Stable Audio 3 Medium — ONNX

ONNX conversion of Stability AI's Stable Audio 3 Medium model, optimized for CPU inference in a C++ context.
Powered by Stability AI.

⚠️ License — Read Before Downloading

This repository contains files governed by two distinct licenses. You must accept both before using or downloading any file.

1. Stability AI Community License

The ONNX model files (DIT, encoder, decoder) are derived from Stability AI's Stable Audio 3 Medium model and are subject to the Stability AI Community License Agreement.

"This Stability AI Model is licensed under the Stability AI Community License, Copyright © Stability AI Ltd. All Rights Reserved."

📄 Full license: https://stability.ai/community-license-agreement

Key points:

✅ Free for research and non-commercial use
✅ Free for commercial use if your annual revenue is under $1,000,000 USD
⚠️ Revenue above $1M requires an enterprise license from Stability AI
❌ Cannot be used to train or improve other foundational generative AI models

2. Gemma Terms of Use (T5Gemma / Text Encoder & Tokenizer)

The tokenizer and text encoder components include weights and architecture derived from Google's T5Gemma model, subject to the Gemma Terms of Use.

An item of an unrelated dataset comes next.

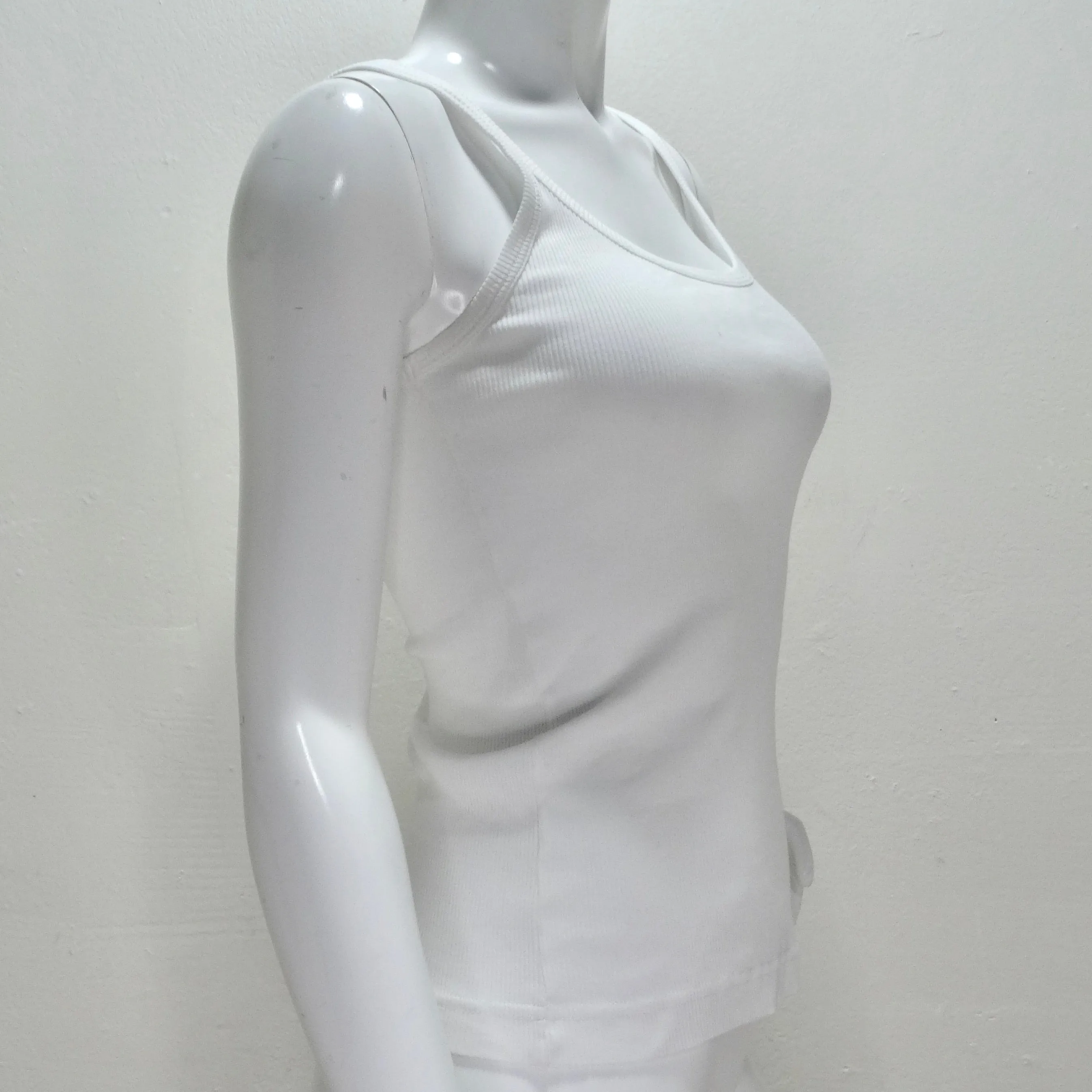Dolce & Gabbana White Ribbed Tank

📄 Full license: https://ai.google.dev/gemma/terms

Key points:

✅ Free for research and commercial use (subject to terms)
❌ Cannot be used to train models that compete with Google's Gemma products
❌ Cannot be used to circumvent safety filters or policies

Files

File	Description	Size (approx.)
`dit.onnx`	Diffusion Transformer (main generation model)	~3.88 GB
`dit.onnx.data`	External weights for the DIT model	~5.81 GB
`dec_dynamic_bf16.onnx`	Audio decoder (latents → waveform)	~219 MB
`enc_dynamic_bf16.onnx`	Audio encoder (waveform → latents)	~216 MB
`encoder.onnx`	Text/conditioning encoder (T5Gemma)	~620 MB
`tokenizer.json`	T5Gemma tokenizer (Google)	~ 32.7 MB

Pipeline

Text Prompt → encoder.onnx + tokenizer.json   (T5Gemma)
                    ↓
            dit_fp32.onnx + dit_fp32.onnx.data   (diffusion)
                    ↓
            dec_dynamic_bf16.onnx                 (audio decoding)
                    ↓
                  WAV data (stereo, 44.1kHz)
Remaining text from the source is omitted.